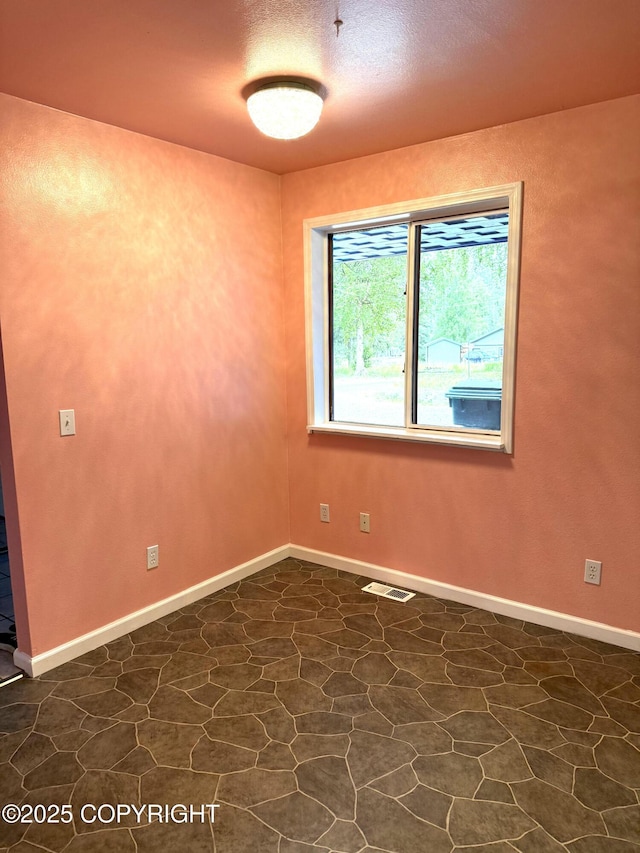 4100 W Peterson Bay Ct, Wasilla, AK 99623 - unfurnished room featuring baseboards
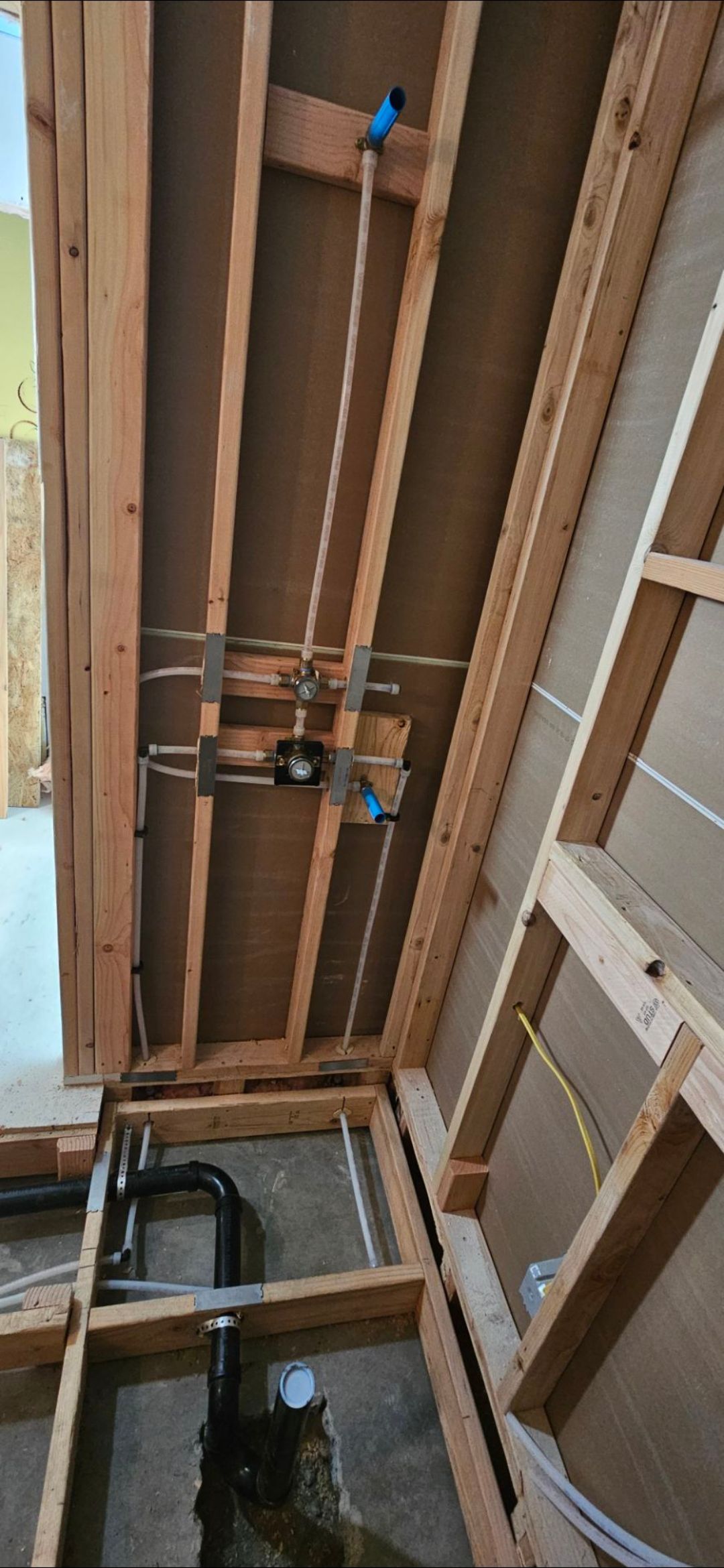 Plumbing installation for a shower showing internal PEX lines, a mixing valve, and a drain pipe within wooden wall studs.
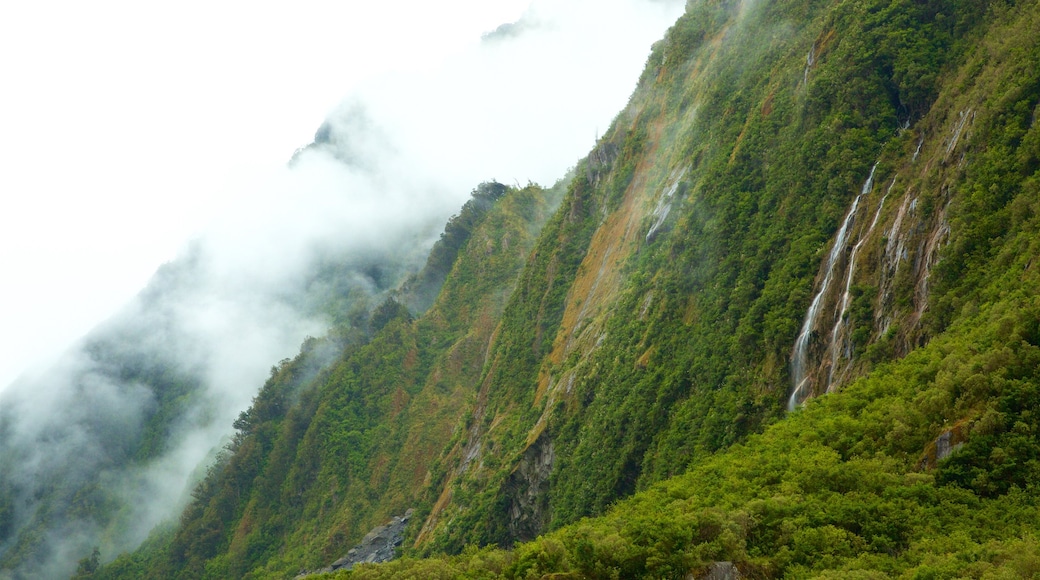 Fox Glacier featuring mountains, mist or fog and a cascade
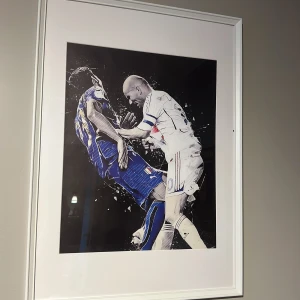 Zidane ikonisk moment tavla  - Konstverk som visar en dramatisk fotbollsscen med två spelare. Den ena bär en blå kortärmad tröja med gula detaljer, medan den andra har en vit kortärmad tröja med röda och blå inslag. Perfekt för fotbollsälskare som vill ha en ikonisk bild på väggen.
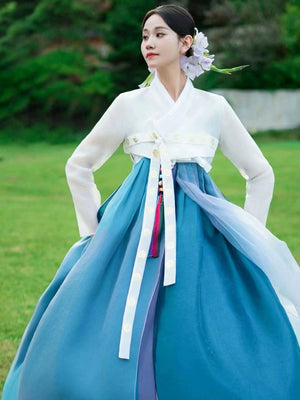 Blue hanbok princess dress with white top and decorative tassels, grassy outdoor setting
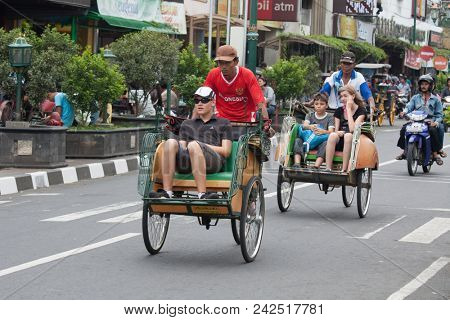 YOGYAKARTA - AUGUST 03: Traditional rikshaw transport on streets of Yogyakarta, Java, Indonesia on August 03, 2010. Bicycle rikshaw remains popular means of transport in many Indonesian cities.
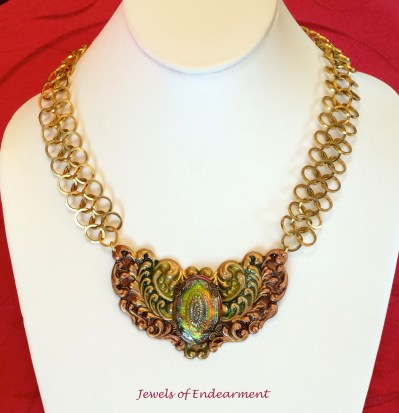 Radiant Emerald and Wine Necklace The rich palette of this glowing Czech glass deserved equally sumptuous hues to complement it. The chain is handmade with squared rings.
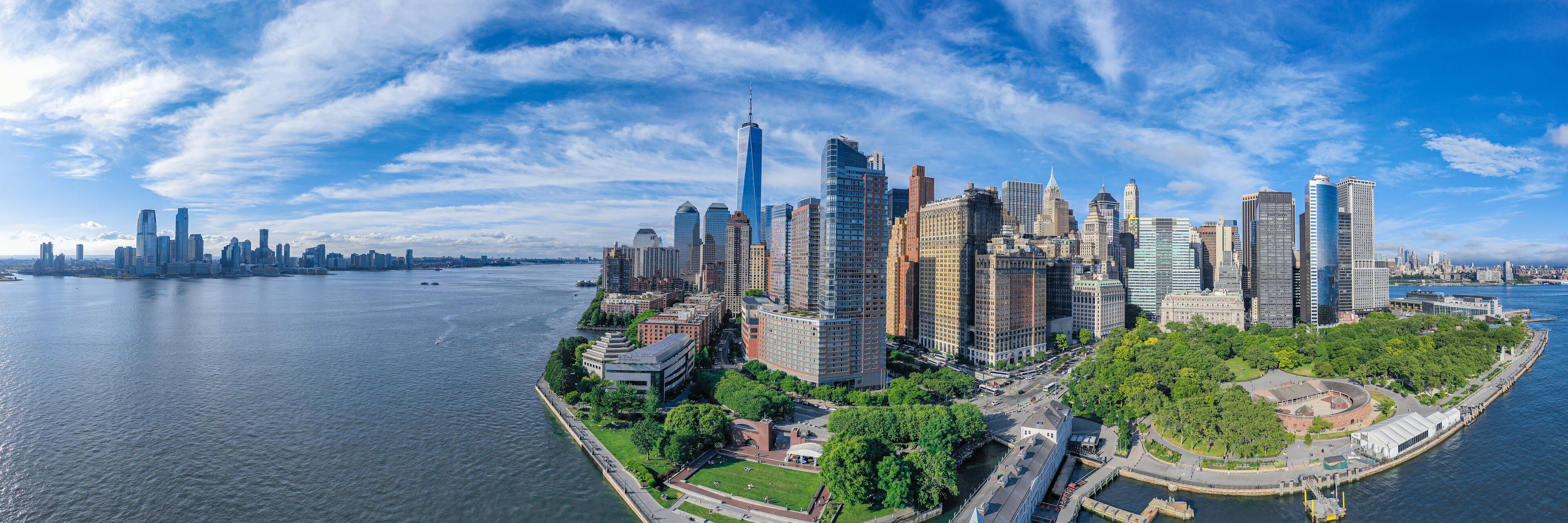 A panoramic view of a city skyline with a river, including prominent skyscrapers and a park area.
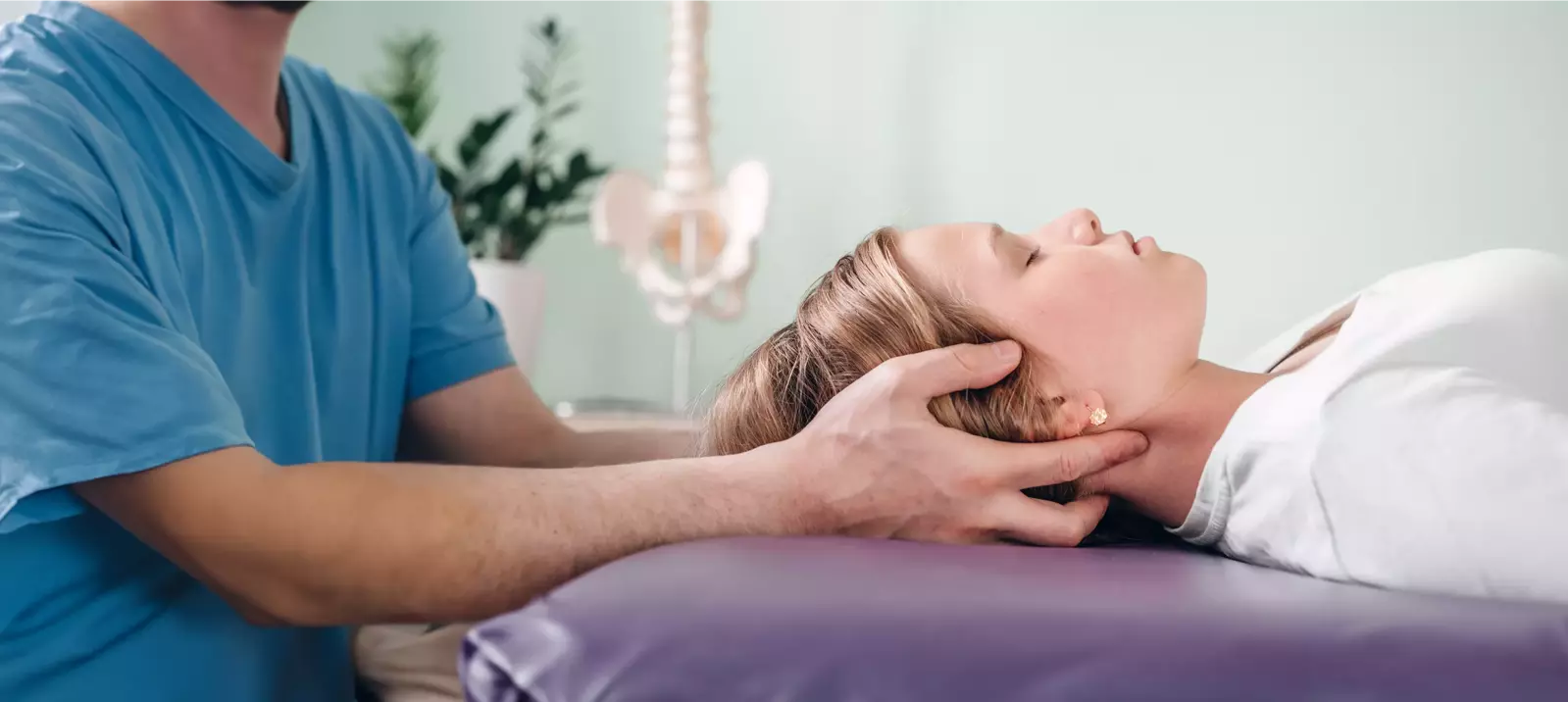 woman lying down with doctor's hands on her head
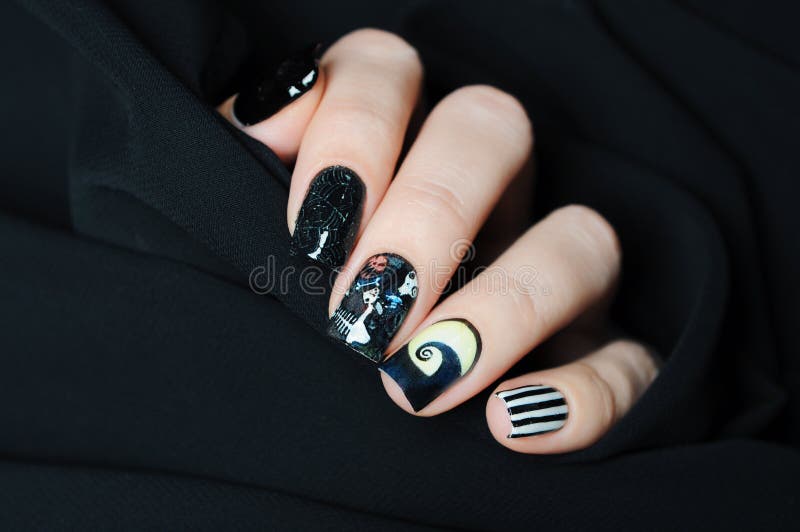 Black nail art Halloween manicure in the style of nightmare before Christmas with skull and spiderweb. Black nail art Halloween manicure in the style of nightmare before Christmas with skull and spiderweb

| EXERCISE PROMPT |
Return all the data exactly, pictures omitted.

| REPLY |
 4100 W Peterson Bay Ct, Wasilla, AK 99623 - unfurnished room featuring baseboards
 Plumbing installation for a shower showing internal PEX lines, a mixing valve, and a drain pipe within wooden wall studs.
 Fox Glacier featuring mountains, mist or fog and a cascade
 Zidane ikonisk moment tavla  - Konstverk som visar en dramatisk fotbollsscen med två spelare. Den ena bär en blå kortärmad tröja med gula detaljer, medan den andra har en vit kortärmad tröja med röda och blå inslag. Perfekt för fotbollsälskare som vill ha en ikonisk bild på väggen.
 Blue hanbok princess dress with white top and decorative tassels, grassy outdoor setting
 YOGYAKARTA - AUGUST 03: Traditional rikshaw transport on streets of Yogyakarta, Java, Indonesia on August 03, 2010. Bicycle rikshaw remains popular means of transport in many Indonesian cities.
 Radiant Emerald and Wine Necklace The rich palette of this glowing Czech glass deserved equally sumptuous hues to complement it. The chain is handmade with squared rings.
 A panoramic view of a city skyline with a river, including prominent skyscrapers and a park area.
 woman lying down with doctor's hands on her head
 Black nail art Halloween manicure in the style of nightmare before Christmas with skull and spiderweb. Black nail art Halloween manicure in the style of nightmare before Christmas with skull and spiderweb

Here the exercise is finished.